Nevertheless, it is far from obvious that personal safety advice does express this negative view, or, if it does, that avoiding it must trump other considerations. After all, there are many other similarities in the police response to floods and homicides (including patrols of danger areas, prompt response to emergency calls, and first aid for survivors) that are not thought to express moral equivalence. Furthermore, there are also pertinent dissimilarities: Floods are never arrested, charged, and sentenced to lengthy periods of imprisonment. Surely, any purported implicit messages identified in prevention advice should be interpreted in light of explicit offender blaming actions such as these.

Indeed, any expressivist interpretation of police issued personal safety advice should be made considering all preventative actions and messaging employed by police, not merely those directed at potential victims. This includes explicit messaging aimed at actual or potential offenders (such as sexual consent campaigns and public calls for at-large offenders to hand themselves in), various programmes in which police work with at-risk youths to set them up for respectful and law-abiding lives, and high visibility anti-‘violence against women’ initiatives, such as the longstanding police participation in White Ribbon Day events (9NEWS 2013).
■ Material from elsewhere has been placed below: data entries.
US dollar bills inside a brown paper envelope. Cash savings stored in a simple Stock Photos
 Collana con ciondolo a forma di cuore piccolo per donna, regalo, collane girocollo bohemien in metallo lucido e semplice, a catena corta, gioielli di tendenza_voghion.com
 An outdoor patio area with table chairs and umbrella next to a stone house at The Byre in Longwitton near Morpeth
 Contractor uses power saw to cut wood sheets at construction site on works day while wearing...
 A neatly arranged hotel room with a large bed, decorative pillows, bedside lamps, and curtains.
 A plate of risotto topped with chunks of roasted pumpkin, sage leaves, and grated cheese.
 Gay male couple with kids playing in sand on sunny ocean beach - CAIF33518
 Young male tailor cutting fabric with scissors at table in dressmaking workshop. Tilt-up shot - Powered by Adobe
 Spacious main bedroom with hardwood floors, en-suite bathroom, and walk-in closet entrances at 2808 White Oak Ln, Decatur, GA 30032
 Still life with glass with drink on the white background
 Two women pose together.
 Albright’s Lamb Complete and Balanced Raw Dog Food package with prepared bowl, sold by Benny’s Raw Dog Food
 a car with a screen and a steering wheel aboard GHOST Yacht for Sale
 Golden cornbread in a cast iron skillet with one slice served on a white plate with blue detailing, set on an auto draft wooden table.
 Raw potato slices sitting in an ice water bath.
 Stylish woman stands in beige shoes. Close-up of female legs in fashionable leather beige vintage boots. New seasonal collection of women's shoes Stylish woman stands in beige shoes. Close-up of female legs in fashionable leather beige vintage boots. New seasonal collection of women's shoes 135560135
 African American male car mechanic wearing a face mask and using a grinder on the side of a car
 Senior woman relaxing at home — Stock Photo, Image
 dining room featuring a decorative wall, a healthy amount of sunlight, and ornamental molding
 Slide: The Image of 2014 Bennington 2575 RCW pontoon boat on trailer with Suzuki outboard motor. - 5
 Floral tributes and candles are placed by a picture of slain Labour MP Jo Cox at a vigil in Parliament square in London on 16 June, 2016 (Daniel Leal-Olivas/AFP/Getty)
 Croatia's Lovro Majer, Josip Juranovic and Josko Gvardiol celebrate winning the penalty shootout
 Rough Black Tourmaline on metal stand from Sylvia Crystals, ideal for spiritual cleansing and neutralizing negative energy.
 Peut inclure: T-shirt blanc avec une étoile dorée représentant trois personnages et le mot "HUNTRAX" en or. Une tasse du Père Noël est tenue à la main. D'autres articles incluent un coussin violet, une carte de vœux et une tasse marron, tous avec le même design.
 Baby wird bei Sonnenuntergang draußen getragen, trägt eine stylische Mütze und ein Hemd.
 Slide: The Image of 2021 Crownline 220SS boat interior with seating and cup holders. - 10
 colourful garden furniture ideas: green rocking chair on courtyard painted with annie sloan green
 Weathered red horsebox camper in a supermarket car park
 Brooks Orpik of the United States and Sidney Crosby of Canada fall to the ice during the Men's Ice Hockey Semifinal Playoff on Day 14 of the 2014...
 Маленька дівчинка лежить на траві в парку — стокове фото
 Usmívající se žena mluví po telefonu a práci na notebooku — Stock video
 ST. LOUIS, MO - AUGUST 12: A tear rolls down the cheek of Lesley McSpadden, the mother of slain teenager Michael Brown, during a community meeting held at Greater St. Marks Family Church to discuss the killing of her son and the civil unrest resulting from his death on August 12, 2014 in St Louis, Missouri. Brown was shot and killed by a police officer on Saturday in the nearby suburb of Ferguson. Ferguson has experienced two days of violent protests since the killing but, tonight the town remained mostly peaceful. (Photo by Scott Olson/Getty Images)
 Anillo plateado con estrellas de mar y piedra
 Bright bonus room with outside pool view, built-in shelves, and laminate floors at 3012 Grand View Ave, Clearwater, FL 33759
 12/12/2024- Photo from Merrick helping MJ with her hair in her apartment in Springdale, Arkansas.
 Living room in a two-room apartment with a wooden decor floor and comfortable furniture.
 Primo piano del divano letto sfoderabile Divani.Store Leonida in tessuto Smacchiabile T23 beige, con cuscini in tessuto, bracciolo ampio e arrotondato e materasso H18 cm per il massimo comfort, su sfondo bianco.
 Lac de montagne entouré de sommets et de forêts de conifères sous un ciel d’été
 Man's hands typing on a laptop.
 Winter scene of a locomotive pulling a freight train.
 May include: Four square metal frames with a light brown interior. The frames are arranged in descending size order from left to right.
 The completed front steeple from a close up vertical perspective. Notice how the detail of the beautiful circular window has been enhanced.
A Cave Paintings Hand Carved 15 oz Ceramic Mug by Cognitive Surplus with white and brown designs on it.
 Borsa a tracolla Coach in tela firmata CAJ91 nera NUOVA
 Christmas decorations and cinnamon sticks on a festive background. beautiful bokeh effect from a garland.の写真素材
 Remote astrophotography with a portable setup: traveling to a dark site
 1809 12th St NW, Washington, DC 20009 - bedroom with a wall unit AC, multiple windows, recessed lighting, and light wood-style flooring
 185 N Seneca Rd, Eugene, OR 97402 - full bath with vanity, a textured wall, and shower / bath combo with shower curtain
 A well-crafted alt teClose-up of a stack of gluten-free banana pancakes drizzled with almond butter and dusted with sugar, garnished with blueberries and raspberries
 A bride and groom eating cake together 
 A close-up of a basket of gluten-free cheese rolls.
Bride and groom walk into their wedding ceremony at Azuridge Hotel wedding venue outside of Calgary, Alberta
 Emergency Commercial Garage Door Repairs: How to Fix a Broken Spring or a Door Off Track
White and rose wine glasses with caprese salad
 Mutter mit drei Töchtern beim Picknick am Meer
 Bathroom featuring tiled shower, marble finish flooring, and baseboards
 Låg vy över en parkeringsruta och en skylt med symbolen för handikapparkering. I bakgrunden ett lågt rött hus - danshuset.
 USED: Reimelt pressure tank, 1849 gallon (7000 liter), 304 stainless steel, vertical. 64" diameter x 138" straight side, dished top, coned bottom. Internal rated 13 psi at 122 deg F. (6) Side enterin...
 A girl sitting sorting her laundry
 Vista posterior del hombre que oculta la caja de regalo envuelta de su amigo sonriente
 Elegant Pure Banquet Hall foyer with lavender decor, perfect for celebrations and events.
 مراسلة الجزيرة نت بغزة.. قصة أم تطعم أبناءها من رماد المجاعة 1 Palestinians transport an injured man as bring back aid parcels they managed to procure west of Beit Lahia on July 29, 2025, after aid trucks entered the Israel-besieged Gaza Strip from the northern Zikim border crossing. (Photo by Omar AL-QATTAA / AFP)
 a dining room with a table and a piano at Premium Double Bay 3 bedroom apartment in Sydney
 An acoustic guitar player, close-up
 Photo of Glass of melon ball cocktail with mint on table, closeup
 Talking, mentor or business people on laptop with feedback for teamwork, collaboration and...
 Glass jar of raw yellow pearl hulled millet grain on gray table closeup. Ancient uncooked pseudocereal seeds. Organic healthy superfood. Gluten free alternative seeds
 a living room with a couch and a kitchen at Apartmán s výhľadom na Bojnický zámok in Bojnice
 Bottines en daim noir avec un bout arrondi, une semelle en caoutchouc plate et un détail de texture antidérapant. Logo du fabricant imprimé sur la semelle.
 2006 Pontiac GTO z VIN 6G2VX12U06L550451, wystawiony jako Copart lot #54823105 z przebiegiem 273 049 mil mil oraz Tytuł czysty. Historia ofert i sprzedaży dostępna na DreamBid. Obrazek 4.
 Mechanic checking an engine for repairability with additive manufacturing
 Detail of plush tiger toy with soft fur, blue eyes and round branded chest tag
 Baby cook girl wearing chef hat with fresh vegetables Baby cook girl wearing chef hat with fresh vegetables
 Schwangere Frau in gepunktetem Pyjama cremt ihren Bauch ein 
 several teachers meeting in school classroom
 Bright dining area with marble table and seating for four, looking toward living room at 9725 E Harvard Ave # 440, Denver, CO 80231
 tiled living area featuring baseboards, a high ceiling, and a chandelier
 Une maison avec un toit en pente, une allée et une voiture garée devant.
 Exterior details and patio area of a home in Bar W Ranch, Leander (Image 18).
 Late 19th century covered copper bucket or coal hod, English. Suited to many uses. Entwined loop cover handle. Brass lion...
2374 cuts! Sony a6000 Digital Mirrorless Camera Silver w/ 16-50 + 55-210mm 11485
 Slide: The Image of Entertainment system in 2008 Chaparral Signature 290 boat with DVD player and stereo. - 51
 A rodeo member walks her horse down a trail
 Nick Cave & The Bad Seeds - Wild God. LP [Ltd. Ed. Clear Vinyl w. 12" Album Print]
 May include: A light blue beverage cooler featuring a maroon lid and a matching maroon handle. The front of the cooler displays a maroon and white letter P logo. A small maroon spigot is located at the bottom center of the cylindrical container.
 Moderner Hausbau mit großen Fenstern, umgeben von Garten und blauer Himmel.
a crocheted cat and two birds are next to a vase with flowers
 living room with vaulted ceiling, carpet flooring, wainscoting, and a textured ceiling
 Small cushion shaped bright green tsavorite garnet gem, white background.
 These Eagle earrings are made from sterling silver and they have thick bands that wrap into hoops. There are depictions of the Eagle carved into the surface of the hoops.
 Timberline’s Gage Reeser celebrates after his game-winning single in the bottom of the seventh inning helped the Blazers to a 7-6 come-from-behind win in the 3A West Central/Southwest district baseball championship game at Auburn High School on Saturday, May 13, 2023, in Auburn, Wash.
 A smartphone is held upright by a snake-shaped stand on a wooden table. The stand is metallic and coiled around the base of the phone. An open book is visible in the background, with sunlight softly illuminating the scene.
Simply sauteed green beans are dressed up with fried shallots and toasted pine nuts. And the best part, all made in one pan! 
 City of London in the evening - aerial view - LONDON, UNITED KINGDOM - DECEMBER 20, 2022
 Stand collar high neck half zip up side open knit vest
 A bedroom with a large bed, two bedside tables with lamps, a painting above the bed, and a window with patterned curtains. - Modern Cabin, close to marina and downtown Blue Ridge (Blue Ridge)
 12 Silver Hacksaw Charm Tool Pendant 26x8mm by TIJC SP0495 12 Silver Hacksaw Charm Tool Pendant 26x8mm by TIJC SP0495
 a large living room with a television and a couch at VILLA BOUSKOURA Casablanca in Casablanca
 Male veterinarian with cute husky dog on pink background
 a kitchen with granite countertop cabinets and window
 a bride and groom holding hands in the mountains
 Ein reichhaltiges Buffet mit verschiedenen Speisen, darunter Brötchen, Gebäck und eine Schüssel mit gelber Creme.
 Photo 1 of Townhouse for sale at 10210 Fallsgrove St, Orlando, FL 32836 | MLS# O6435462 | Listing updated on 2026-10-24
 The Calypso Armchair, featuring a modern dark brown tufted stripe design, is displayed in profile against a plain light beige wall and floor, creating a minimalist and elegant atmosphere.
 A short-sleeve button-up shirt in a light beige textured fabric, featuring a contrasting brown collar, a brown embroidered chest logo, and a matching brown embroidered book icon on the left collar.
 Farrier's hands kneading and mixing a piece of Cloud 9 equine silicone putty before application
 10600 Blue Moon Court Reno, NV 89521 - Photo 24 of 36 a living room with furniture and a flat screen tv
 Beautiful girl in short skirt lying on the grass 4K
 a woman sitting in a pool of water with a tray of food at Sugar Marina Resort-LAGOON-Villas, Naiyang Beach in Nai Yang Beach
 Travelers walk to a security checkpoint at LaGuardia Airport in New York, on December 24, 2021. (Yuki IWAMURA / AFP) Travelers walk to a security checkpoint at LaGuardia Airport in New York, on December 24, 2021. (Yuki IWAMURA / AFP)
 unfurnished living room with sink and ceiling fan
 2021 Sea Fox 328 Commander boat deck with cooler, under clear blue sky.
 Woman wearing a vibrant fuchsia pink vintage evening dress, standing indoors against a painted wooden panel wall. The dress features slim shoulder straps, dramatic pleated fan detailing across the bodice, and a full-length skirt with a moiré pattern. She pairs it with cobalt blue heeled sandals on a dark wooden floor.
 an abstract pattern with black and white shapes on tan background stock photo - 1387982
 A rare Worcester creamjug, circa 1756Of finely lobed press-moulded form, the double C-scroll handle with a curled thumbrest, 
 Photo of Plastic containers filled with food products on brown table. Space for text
2.5 Widespread Police Sexism?

None of this denies that there have been many prominent cases of police officers making outrageous and unjustified claims about women (as quoted in this paper). Some officers have even been convicted of horrendous crimes of violence against women, including the meticulously planned kidnapping, rape, and murder of a young woman in the United Kingdom in 2021 (Morton 2021). Even the current focus of many police agencies on inclusivity and diversity may be seen as an acknowledgement of historical or even current deficiencies (McLeod 2018). Consequently, it is fair to question whether these cases of sexism and violence are the result of bad individuals or bad culture (or, perhaps, some combination). Instances of police sexism and criminality certainly muddy the water, and perhaps it is understandable that safety advice is sometimes interpreted through the lens of these cases, rather than through the lens of the diverse range of women’s safety initiatives promoted by modern police agencies.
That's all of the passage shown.